**Web page caption snippets**
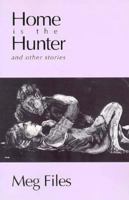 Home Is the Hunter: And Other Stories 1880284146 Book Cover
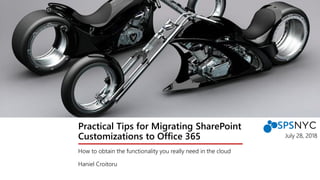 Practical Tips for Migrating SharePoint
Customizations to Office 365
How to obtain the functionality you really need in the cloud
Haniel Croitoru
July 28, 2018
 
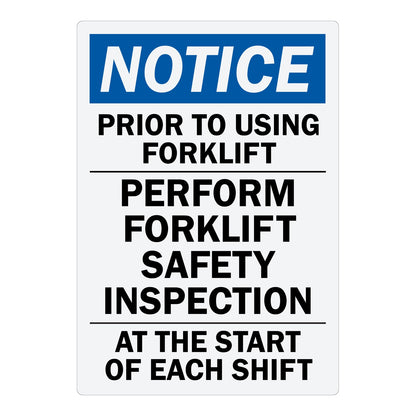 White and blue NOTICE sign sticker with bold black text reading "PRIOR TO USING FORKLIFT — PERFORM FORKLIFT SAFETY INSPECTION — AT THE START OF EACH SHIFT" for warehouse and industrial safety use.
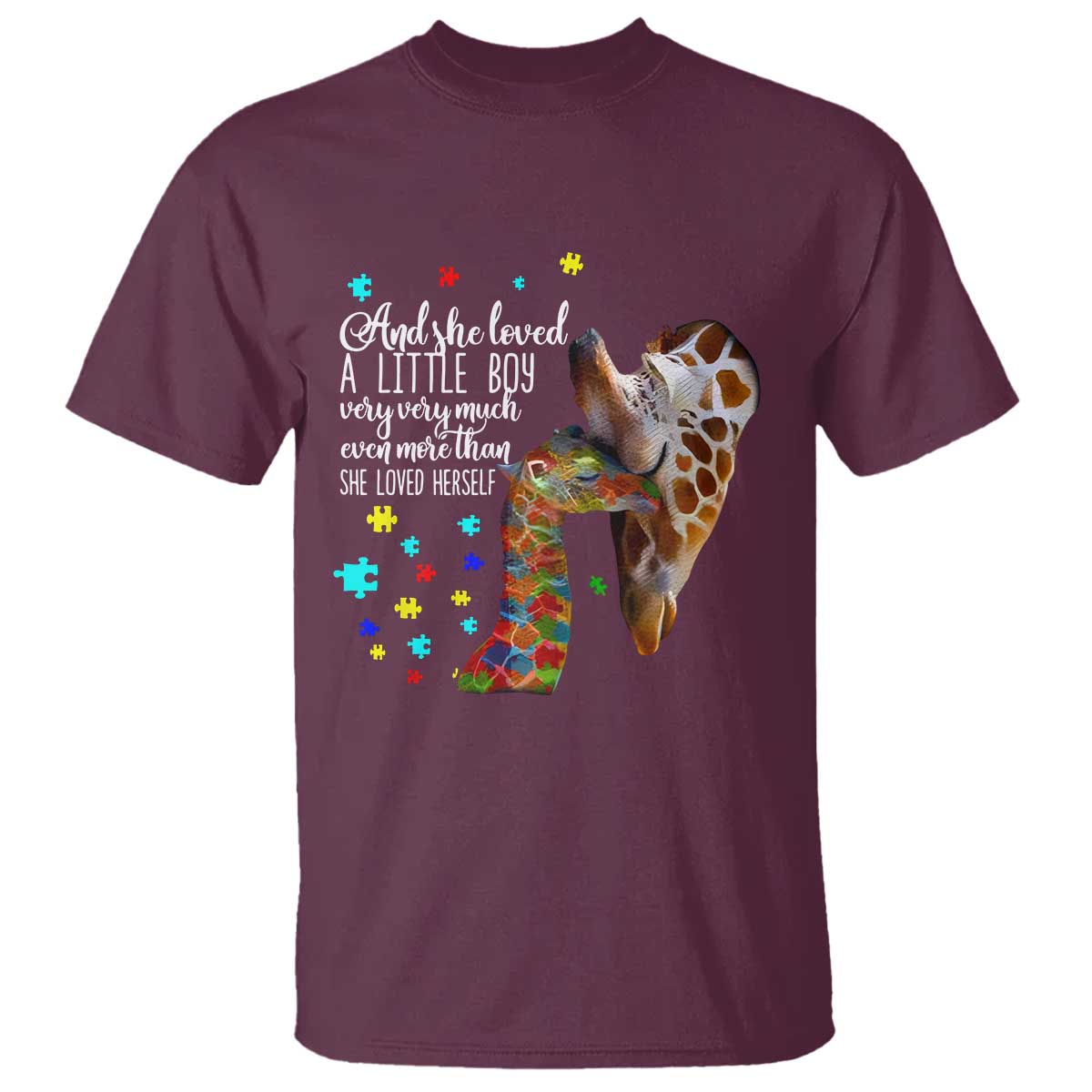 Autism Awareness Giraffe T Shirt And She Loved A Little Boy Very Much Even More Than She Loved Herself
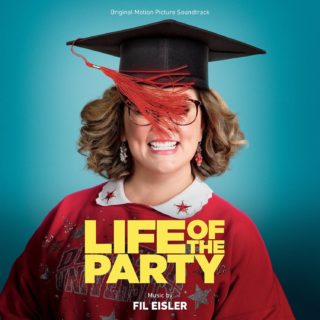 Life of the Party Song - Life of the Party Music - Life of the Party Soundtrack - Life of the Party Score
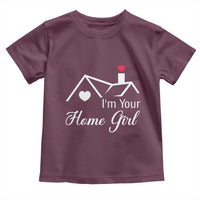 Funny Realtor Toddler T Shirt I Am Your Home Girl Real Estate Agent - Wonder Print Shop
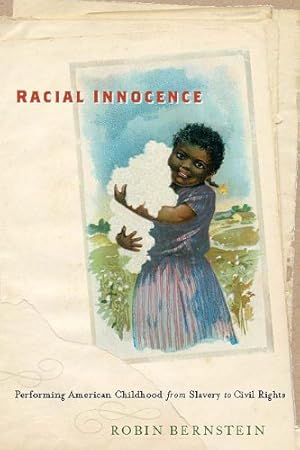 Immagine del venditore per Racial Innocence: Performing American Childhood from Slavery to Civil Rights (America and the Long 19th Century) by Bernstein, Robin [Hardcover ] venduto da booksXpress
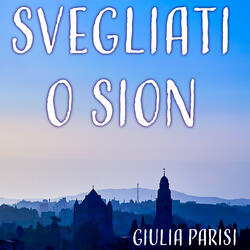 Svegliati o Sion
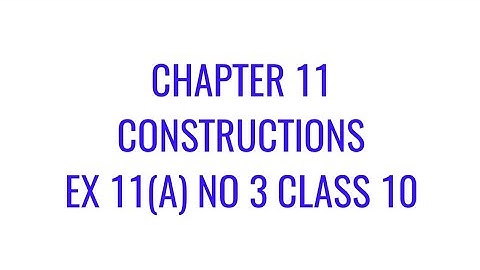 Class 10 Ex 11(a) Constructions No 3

**What you are asked to do**
Beginning at the line that contains "Autism Awareness Giraffe", transcribe it and every later line through the last line of the data above, exactly, and drop the pictures.

**Exercise output**
 Autism Awareness Giraffe T Shirt And She Loved A Little Boy Very Much Even More Than She Loved Herself
 Life of the Party Song - Life of the Party Music - Life of the Party Soundtrack - Life of the Party Score
 Funny Realtor Toddler T Shirt I Am Your Home Girl Real Estate Agent - Wonder Print Shop
 Immagine del venditore per Racial Innocence: Performing American Childhood from Slavery to Civil Rights (America and the Long 19th Century) by Bernstein, Robin [Hardcover ] venduto da booksXpress
 Svegliati o Sion
 Class 10 Ex 11(a) Constructions No 3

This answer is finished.